Recent ads purchased by the association have raised some eyebrows. The ads, which ran in the Valley Voice section, criticize some City Council members for overspending on the firing of former City Manager Mike Jackson and giving away Community Development Block Grants.
Spokane Valley resident Gene Strunk used the public forum at a council meeting to criticize and question the motives of SVBA.
Strunk called SVBA “an empty shell organization” with a membership of maybe six people. It’s led by Diana Wilhite, who Strunk said hates the City Council.
Wilhite is president of SVBA but said she does not hate the council.
“The ads stated nothing but the facts of what has happened recently,” she said in a written statement. “We are not a political organization, although there has been discussions about forming a PAC within SVBA.”
The association is organized under IRS rules as a 501(c)(4), typically referred to as a “social welfare” group.

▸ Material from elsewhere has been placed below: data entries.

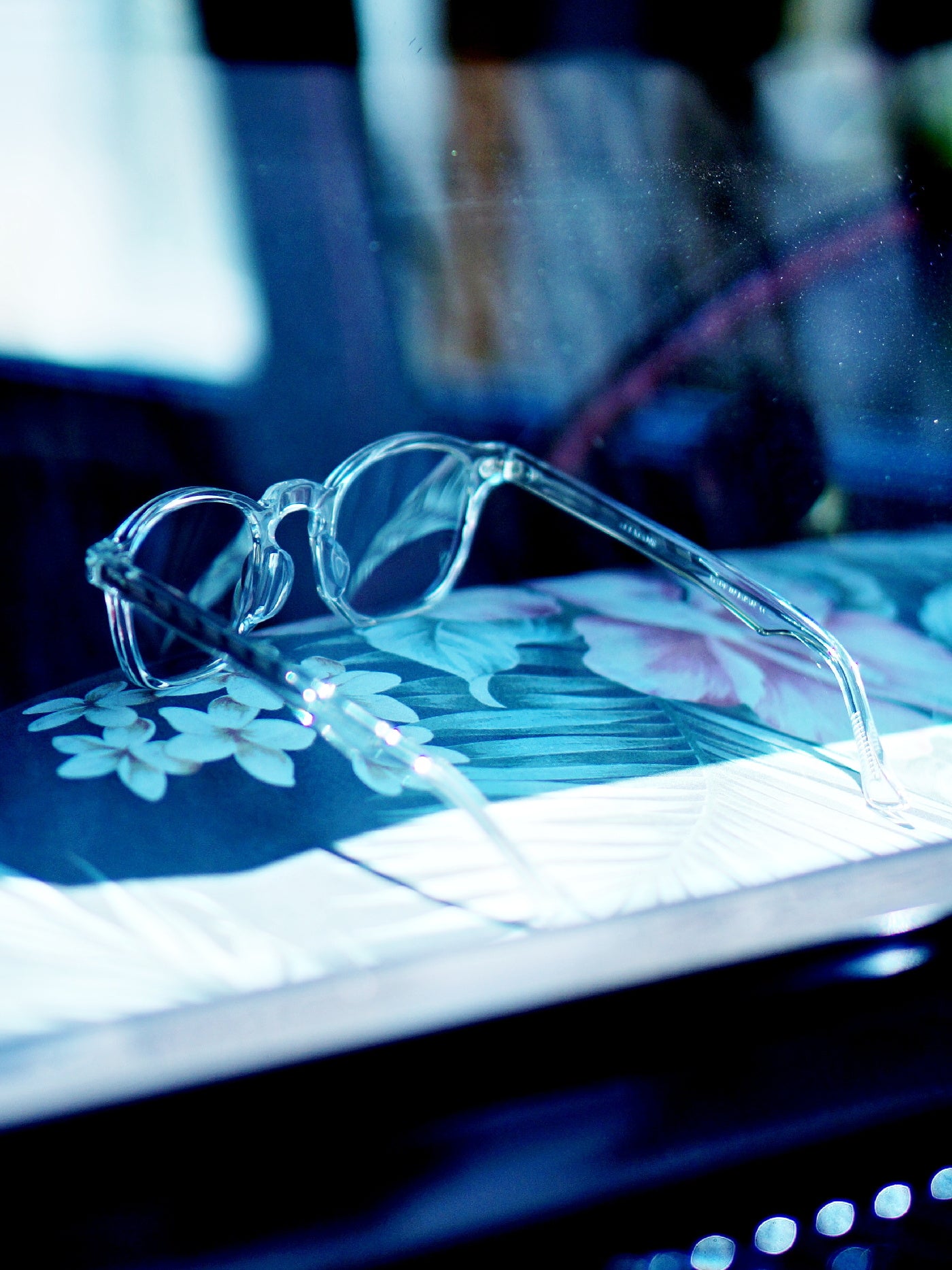 RADIALL | Allmans - SUNGLASSES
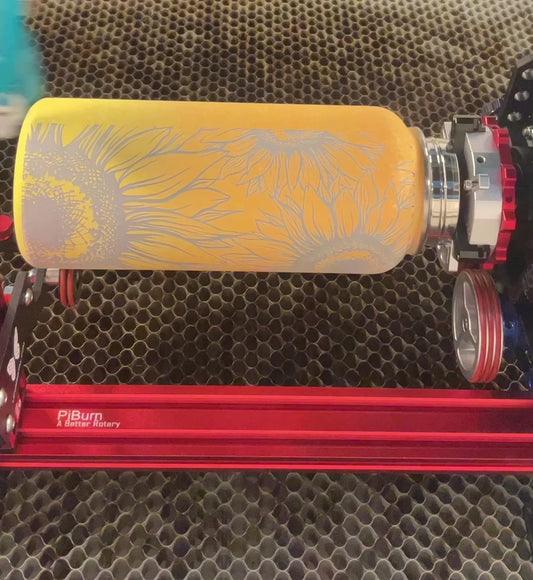 32 oz Customizable Tumbler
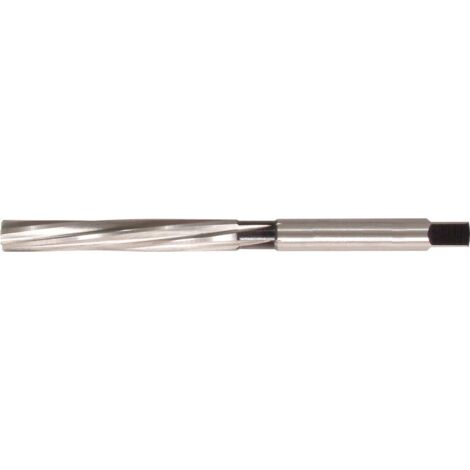 Handreibahle zylinder Schaft HSS DIN 206 B FORUM 8,0 mm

These are nonprofit organizations such as civic leagues or volunteer fire departments.
Wilhite said the recent ads are informational, not political, and therefore the group is not required to file campaign finance reports with the Washington State Public Disclosure Commission, the nonpartisan state agency.
When Spokane Valley business owners Larry Wendel and Dick Behm Jr. and others formed SVBA 20 years ago, the group sued Spokane County to stop construction of the South Valley Arterial, a commuter road that ran south of and parallel to Sprague Avenue.
The county backed off and later proposed the Sprague Avenue Couplet, which SVBA supported.
When the push for Spokane Valley to incorporate gained traction in 2000, SVBA backed the effort.
The organization used to hold monthly meetings at the Spokane Valley Fire Department and host local and state elected officials and law enforcement officers for informational briefings and debates.
The group is not part of the Greater Spokane Valley Chamber of Commerce.
The group has 16 business members and three affiliated members, but it won’t reveal who they are because some members fear retaliation by the council members named in the ads, Wilhite said.
She added there hasn’t been much group activity in the past two years.
“We are getting things going again,” Wilhite said.